Entries shown.
⁂

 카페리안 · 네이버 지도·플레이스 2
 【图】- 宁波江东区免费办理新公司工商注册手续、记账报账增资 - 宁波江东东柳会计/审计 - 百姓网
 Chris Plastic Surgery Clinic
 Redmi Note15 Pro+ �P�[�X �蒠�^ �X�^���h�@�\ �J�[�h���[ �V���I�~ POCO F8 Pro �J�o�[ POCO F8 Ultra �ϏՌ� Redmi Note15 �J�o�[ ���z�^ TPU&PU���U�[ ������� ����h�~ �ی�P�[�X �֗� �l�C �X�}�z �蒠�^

⁂

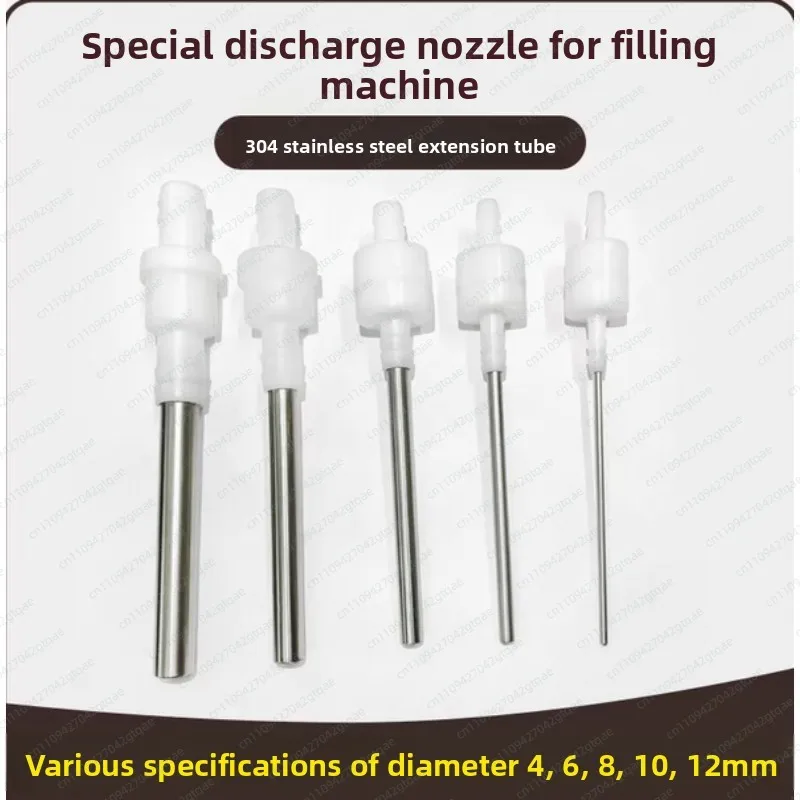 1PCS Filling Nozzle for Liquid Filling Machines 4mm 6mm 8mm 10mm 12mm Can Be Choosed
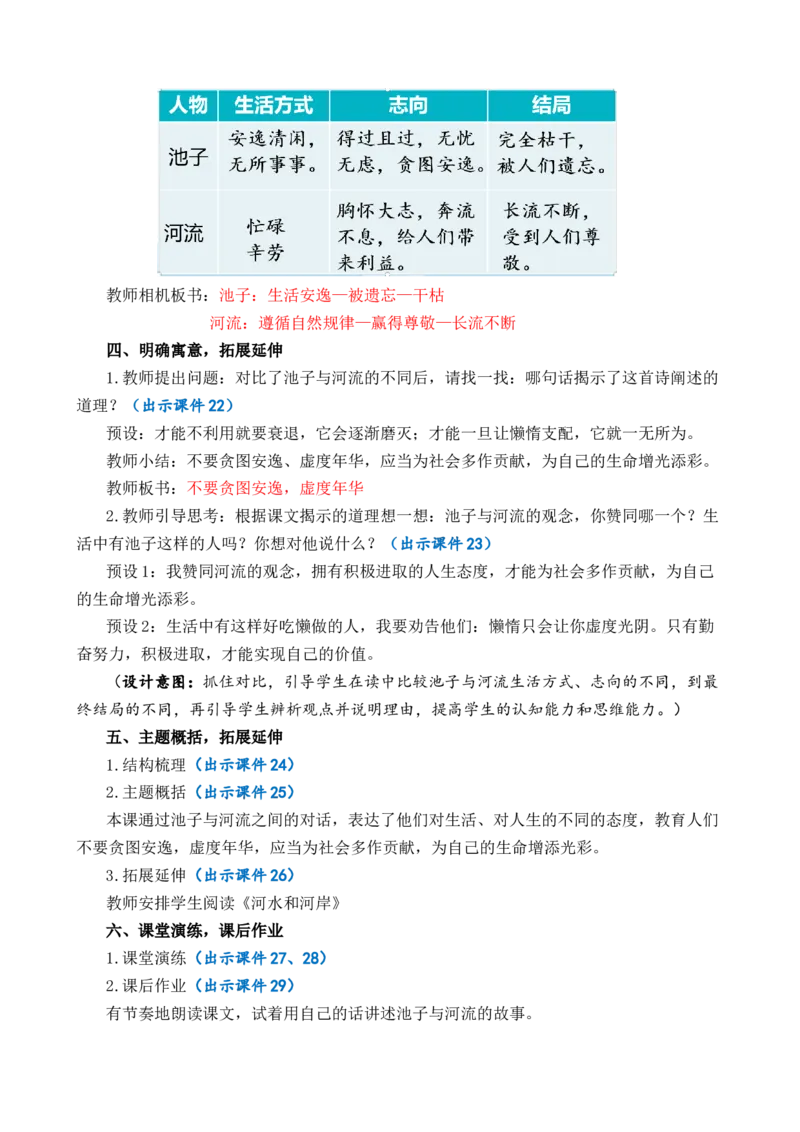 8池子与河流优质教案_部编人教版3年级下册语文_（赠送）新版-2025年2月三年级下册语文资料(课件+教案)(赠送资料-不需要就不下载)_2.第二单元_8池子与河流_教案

⁂

The problem.
Everything in the material above from the line that has "카페리안 · 네이버 지도·플레이스 2" through the line that has "Redmi Note15 Pro+" must be duplicated exactly, with no other lines given.

Task output.
 카페리안 · 네이버 지도·플레이스 2
 【图】- 宁波江东区免费办理新公司工商注册手续、记账报账增资 - 宁波江东东柳会计/审计 - 百姓网
 Chris Plastic Surgery Clinic
 Redmi Note15 Pro+ �P�[�X �蒠�^ �X�^���h�@�\ �J�[�h���[ �V���I�~ POCO F8 Pro �J�o�[ POCO F8 Ultra �ϏՌ� Redmi Note15 �J�o�[ ���z�^ TPU&PU���U�[ ������� ����h�~ �ی�P�[�X �֗� �l�C �X�}�z �蒠�^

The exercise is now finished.